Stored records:
[Start of Attachment]
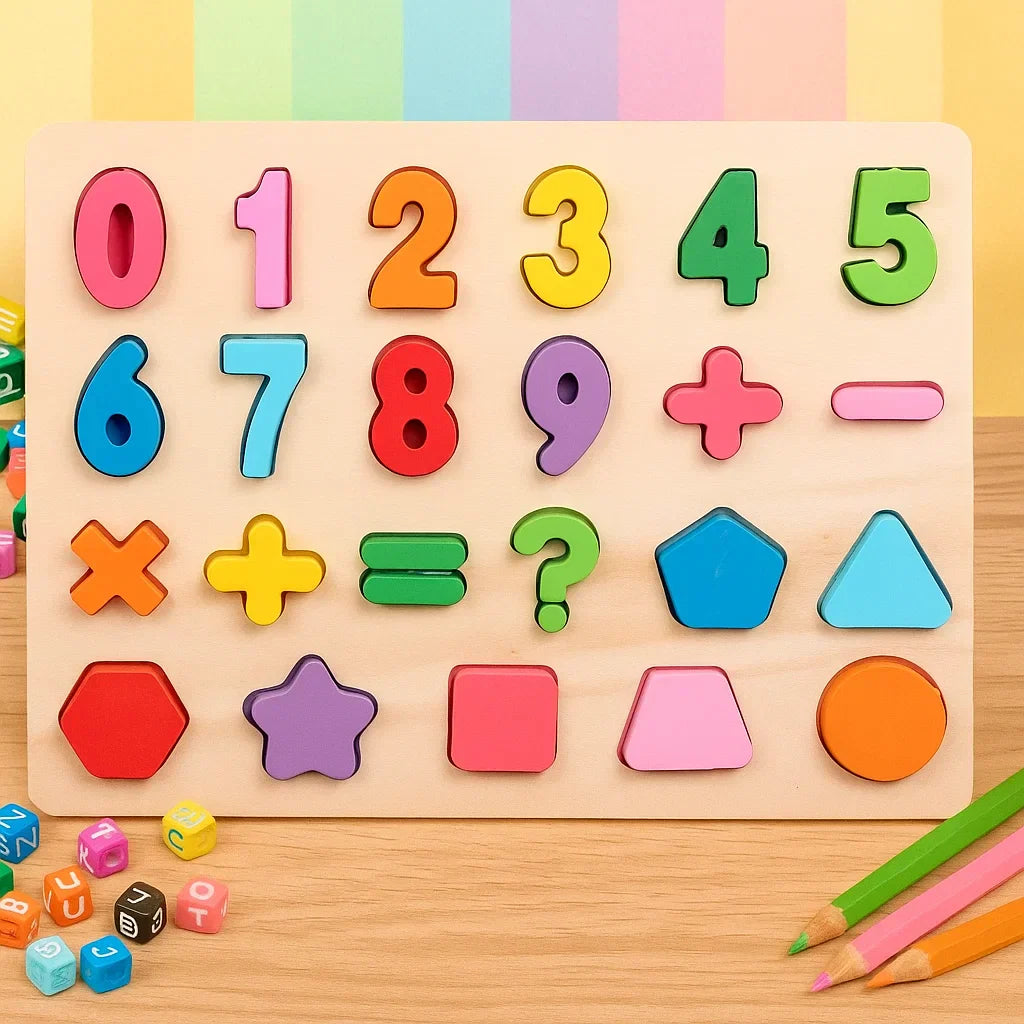 Wood & Educational – 3D letter puzzle
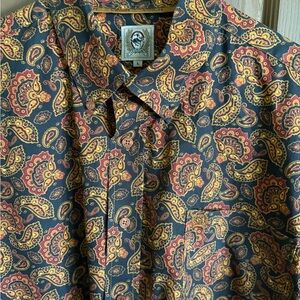 Cinch Men's Paisley Button Down Shirt - Black and Gold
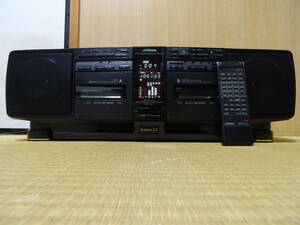 【送料込】Victor ビクター　RC-X90 CDラジカセ（純正リモコン付）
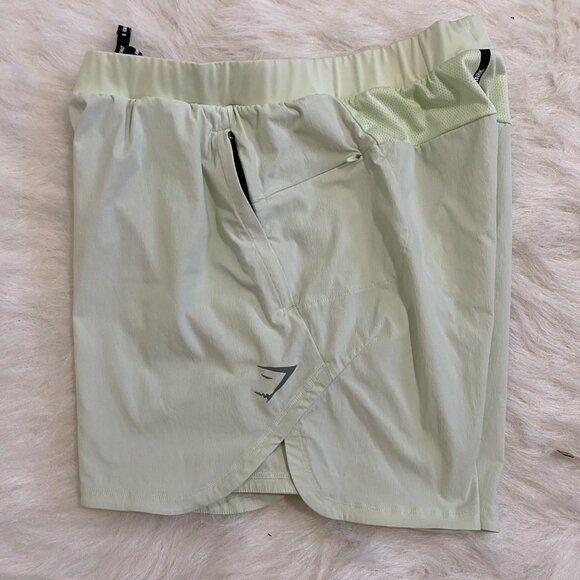 Gymshark Mens Speed Evolve 5" Shorts Slim Fit Active XS Mint Pistachio - Picture 1 of 11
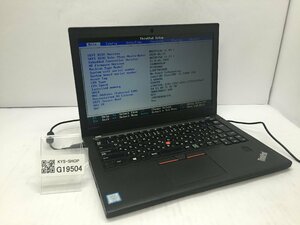  Junk / LENOVO 20HN000VJP ThinkPad X270 Intel Core i5-7300U memory 8.19GB storage less [G19504]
[End of Attachment]
- [WHAT YOU NEED TO DO]:
All of the records above should be reproduced exactly, with the pictures left out.

- [TASK RESULT]:
 Wood & Educational – 3D letter puzzle
 Cinch Men's Paisley Button Down Shirt - Black and Gold
 【送料込】Victor ビクター　RC-X90 CDラジカセ（純正リモコン付）
 Gymshark Mens Speed Evolve 5" Shorts Slim Fit Active XS Mint Pistachio - Picture 1 of 11
  Junk / LENOVO 20HN000VJP ThinkPad X270 Intel Core i5-7300U memory 8.19GB storage less [G19504]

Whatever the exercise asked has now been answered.